The enrichment of phosphate is necessary for high-efficiency nutrient recovery from wastewater through struvite precipitation. However, the majority of current nutrient enrichment processes focus on membrane-based technologies driven by external energy input. Here, the phosphate enrichment by negatively charged Poly(sodium acrylate) hydrogel beads as the self-driven dewatering agent under different conditions was investigated. The phosphate rejection decreased as its concentration increased but retained 56.9% even in 10 mmol/L PO₄³⁻ solution, which is well beyond the phosphate concentration in typical wastewater concentrates.
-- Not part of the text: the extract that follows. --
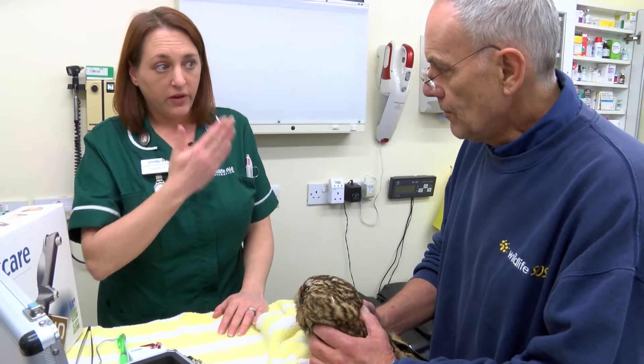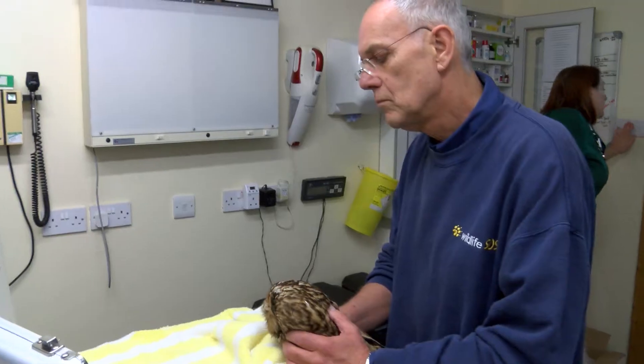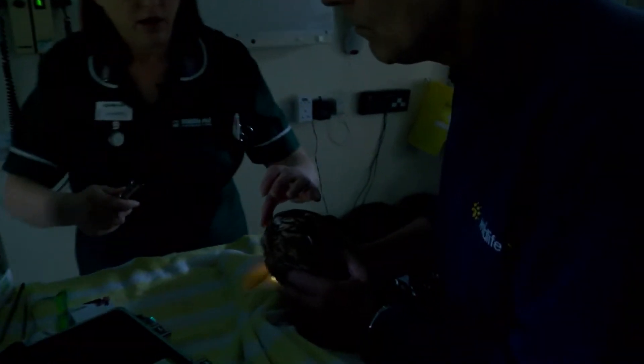We're just going to have a quick look in the eye and see what's happening with the hemorrhage. I'll just turn the lights off. So I'm just going to have a quick look in the eye and there's a good start.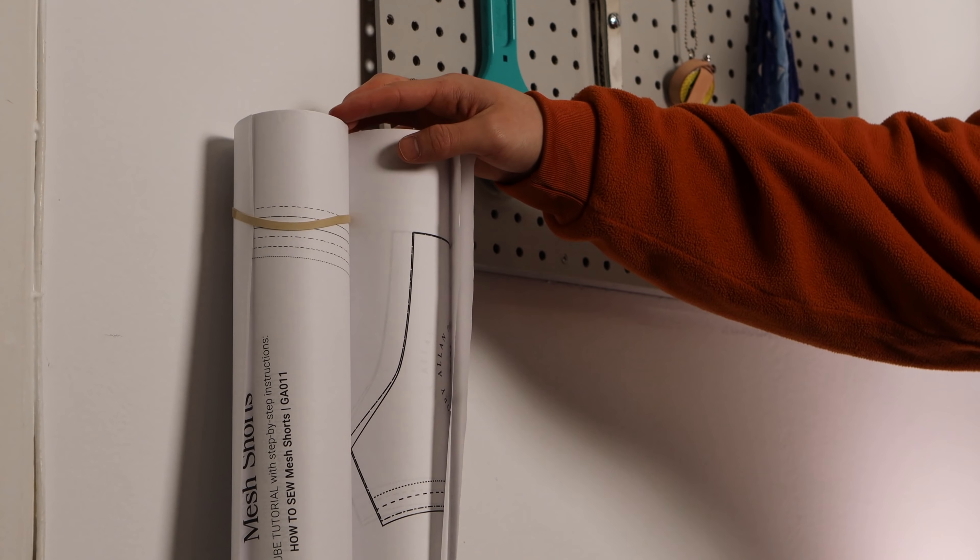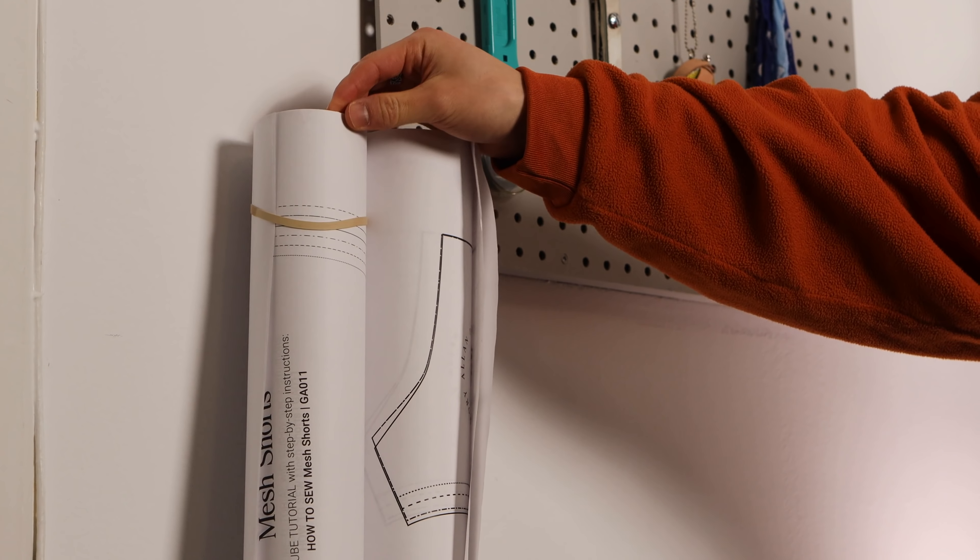Here's a pattern making hack that no one is talking about. Back in the day I'd have to go thrifting to find a garment, bring that home, seam rip it, use all those separate panels, iron them out, and use that as my pattern to trace on other fabrics.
Phosphate was concentrated 3.6 folds with a recovery of 70% using ~1 wt% of hydrogel beads in 0.5 mmol/L phosphate solution. The effects of the pH, ionic strength of the nutrient stream, and the swelling ratio of hydrogels on the rejection of phosphate were investigated. In addition, the hydrogel beads removed 100% of nickel ions during the dewatering of the phosphate solution (0.5 mmol/L Ni²⁺ and 0.5 mmol/L PO₄³⁻), presenting an opportunity for simultaneous phosphate enrichment and purification during the pretreatment for nutrient recovery from wastewater. This study demonstrated that the spontaneous dewatering process utilizing ion-selective hydrogels is promising for nutrient enrichment to promote recovery efficiency.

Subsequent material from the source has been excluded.